After her husband's death in 1910, she toured Europe as a pianist, performing her own compositions. She was determined to make a name for herself as a pianist as well as a composer. Amy Beach's major compositions include the Mass in E major (1892), the Gaelic Symphony (1893), a violin sonata, a piano concerto, a piano quintet, various choral and chamber works, and an opera. She composed mainly in a romantic idiom often compared to that of Brahms.

See "Best Women Composers" for my post about her Piano Quintet in F sharp minor.

Written when she was 70, the mature style of the Piano Trio is freer and more tonally ambiguous than her early works. Yet Beach still favors a clear, conservative, post-Romantic approach, like many other composers who extended their style into the 20th century despite being considered old-fashioned by the modernists and avant-gardists of their time. In the first movement, there are still echoes of the French style - especially Franck and Debussy - but the next two movements use folk rhythms and tunes from American indigenous peoples. The main theme of the last movement is a common ragtime syncopated rhythm used in cakewalks, a dance that originated on black slave plantations.

I. Allegro
II. Lento espressivo / Presto
III. Allegro con brio

Listen to: Vuillaume Trio


(18) Joan Trimble, Phantasy Trio (1940)

Joan Trimble (1915-2000) was an Irish composer and pianist. She studied piano with Annie Lord at the Royal Irish Academy of Music, Dublin, and music at Trinity College, Dublin, and continued her studies at the Royal College of Music, London, until 1940 (piano with Arthur Benjamin and composition with Herbert Howells and Ralph Vaughan Williams). She first came to prominence as part of a piano duo with her sister Valerie; Joan also composed a number of works for two pianos, which the duo performed. A 1938 recital at the RCM, where they performed three of these works, was her breakthrough. Between 1959 and 1977 she taught piano at the RCM. Joan Trimble's music is conservative for its time. She combined the impressionist harmonic language she had learned from her studies with Annie Lord with melodic and rhythmic inflections derived from traditional Irish music. Her most advanced music is found in the Sonatina for two pianos (1940) and the impressive song cycle The County Mayo (1949). Trimble's music is always melodic, tastefully written, and rewarding for the performer.

Trimble's Phantasy Trio (1940) won the Cobbett Prize for chamber music.

Listen to:Trio BBP (Violin: Olga Berar; Cello: Eugen-Bogdan Popa; Piano: Anamaria Biaciu-Popa)

See: https://youtu.be/LFXjJ3b5Pg4

(19) Lera Auerbach, Piano Trio No. 1 (1992/1996)
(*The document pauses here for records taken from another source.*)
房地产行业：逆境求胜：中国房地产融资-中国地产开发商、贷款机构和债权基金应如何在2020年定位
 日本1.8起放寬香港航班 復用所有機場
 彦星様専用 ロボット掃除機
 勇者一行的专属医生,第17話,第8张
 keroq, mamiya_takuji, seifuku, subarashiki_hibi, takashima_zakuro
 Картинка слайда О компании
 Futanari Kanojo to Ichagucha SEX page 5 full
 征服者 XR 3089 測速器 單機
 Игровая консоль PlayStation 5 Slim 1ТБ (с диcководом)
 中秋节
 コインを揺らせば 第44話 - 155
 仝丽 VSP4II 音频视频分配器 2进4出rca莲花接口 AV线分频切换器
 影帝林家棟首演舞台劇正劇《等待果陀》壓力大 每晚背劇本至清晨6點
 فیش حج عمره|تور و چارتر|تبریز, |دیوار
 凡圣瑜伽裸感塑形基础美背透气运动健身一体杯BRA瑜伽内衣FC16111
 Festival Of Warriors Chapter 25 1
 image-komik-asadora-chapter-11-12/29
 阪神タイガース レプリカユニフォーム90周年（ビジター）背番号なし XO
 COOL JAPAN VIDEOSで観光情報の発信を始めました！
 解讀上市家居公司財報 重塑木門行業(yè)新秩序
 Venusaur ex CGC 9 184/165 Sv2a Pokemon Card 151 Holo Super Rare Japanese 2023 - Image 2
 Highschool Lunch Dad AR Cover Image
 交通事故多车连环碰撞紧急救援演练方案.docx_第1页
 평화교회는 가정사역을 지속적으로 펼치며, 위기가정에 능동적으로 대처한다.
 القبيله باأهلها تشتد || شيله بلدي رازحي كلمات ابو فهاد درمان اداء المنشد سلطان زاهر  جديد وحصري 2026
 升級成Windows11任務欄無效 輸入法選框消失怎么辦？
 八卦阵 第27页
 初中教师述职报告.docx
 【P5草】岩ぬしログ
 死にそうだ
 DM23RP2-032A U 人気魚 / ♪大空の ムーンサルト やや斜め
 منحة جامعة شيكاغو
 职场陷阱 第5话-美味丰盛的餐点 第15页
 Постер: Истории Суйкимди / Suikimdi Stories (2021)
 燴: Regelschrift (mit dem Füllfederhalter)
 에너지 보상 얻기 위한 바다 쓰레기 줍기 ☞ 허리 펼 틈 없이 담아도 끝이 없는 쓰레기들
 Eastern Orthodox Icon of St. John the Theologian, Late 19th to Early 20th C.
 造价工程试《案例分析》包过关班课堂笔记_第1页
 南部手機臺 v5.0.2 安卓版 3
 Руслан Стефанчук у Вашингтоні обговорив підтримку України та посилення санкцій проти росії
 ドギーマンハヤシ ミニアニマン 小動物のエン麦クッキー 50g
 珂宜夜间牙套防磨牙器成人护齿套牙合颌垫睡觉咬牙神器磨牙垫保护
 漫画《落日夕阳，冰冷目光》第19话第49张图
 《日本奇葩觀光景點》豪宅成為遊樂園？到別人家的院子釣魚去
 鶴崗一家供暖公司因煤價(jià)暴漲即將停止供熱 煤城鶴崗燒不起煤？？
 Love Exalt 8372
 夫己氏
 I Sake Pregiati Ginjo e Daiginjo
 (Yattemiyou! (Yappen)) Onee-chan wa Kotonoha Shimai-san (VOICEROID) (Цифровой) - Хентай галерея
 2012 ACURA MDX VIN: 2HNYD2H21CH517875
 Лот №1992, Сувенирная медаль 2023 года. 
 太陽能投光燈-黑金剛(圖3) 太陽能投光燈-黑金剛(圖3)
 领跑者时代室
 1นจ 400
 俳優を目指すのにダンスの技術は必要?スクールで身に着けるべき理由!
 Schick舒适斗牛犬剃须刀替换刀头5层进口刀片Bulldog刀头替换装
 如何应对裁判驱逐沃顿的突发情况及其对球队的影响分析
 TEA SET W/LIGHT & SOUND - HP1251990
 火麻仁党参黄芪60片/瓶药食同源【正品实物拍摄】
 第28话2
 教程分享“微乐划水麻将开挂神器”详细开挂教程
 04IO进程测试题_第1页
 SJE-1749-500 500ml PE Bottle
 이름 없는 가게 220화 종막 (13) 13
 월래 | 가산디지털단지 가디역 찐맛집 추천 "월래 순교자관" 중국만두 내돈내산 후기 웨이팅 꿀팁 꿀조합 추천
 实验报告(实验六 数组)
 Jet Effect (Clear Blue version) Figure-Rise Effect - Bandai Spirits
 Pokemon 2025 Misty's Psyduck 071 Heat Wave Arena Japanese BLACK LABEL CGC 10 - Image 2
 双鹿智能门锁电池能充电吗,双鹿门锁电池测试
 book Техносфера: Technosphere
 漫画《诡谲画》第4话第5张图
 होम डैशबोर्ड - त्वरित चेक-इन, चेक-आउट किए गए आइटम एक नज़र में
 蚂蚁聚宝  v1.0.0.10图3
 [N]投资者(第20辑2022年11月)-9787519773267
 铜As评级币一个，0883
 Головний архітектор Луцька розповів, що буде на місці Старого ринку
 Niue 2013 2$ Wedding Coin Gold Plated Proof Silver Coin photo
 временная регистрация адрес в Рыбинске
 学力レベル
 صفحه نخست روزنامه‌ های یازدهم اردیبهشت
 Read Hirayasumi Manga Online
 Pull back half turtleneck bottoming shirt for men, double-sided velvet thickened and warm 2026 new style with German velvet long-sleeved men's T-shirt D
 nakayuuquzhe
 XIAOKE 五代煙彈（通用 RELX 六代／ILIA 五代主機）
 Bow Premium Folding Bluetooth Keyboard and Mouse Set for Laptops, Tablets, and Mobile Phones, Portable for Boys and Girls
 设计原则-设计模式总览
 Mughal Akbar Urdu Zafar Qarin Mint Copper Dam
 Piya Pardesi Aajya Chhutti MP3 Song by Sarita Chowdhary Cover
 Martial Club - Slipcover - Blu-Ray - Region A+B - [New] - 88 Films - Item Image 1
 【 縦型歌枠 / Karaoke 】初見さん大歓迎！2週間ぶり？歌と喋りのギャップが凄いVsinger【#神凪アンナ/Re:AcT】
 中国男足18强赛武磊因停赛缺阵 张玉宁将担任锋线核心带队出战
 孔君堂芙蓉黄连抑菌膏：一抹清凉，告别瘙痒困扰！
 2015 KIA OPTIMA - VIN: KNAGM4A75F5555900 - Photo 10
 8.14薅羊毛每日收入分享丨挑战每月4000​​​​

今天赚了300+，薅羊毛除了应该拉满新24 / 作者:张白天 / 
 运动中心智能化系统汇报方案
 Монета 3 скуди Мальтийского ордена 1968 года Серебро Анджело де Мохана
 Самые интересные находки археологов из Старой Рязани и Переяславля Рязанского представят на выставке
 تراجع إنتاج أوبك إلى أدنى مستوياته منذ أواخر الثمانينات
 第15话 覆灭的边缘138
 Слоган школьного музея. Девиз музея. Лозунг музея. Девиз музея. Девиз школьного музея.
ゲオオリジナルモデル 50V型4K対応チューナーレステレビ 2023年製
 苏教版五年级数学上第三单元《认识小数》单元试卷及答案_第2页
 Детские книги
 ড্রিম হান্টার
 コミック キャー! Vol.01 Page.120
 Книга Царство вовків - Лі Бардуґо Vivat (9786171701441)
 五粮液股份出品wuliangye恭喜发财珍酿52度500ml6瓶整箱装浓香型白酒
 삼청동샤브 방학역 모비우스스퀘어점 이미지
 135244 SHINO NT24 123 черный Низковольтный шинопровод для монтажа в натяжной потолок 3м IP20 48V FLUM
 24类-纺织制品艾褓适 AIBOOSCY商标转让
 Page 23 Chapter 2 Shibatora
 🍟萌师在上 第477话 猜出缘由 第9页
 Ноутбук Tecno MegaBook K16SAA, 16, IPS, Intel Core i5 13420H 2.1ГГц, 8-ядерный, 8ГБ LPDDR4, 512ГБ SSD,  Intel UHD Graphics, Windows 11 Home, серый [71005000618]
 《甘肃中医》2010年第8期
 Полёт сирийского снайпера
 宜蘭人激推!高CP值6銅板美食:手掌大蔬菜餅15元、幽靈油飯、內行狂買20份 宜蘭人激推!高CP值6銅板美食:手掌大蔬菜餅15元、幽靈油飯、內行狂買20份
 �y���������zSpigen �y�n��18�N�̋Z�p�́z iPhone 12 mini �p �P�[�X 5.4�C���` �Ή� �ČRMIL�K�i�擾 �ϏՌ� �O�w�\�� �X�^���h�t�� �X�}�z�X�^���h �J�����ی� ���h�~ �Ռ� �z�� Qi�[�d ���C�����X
Lera Auerbach (born October 21, 1973) is a Soviet-born Austrian-American classical composer, conductor, and concert pianist. Auerbach was born to a Jewish family in Chelyabinsk, a city in the Ural Mountains. She received permission to visit the United States in 1991 for a concert tour; although she spoke no English, she decided to defect so she could stay in the country and pursue her musical career. She graduated from the Juilliard School in New York, where she studied piano (with Joseph Kalichstein) and composition (with Milton Babbitt and Robert Beaser). She also studied comparative literature at Columbia University and earned a piano diploma from the Hanover University of Music. She is also a published, award-winning poet and an exhibiting painter and sculptor. Auerbach has written symphonies, concertos, and large-scale choral works.

Auerbach composed her first piano trio in the mid-1990s, while still in her late teens and early twenties. The three-movement work is vivid, accessible, skillfully crafted, and powerfully emotional.

The below video unfortunately only comprises the 3rd movement (played by Delta Piano trio):


(20) Kaija Saariaho, Piano Trio "Light and Matter" (2014)

Kaija Anneli Saariaho (née Laakkonen; born 14 October 1952) is a Finnish composer based in Paris, France. Saariaho studied composition in Helsinki, Freiburg, and Paris, where she has lived since 1982. Her research at the Institute for Research and Coordination in Acoustics/Music (IRCAM) marked a turning point in her music away from strict serialism towards spectralism. Her characteristically rich, polyphonic textures are often created by combining live music and electronics. In a 2019 composers' poll by BBC Music Magazine, Saariaho was ranked the greatest living composer.

Kaija Saariaho has said that she was inspired to write this work by looking out her window in New York at the changing lights and movements of Morningside Park. The Piano Trio succeeds in capturing the dynamics of movement and kinetic energy through the musical interplay of the three instruments.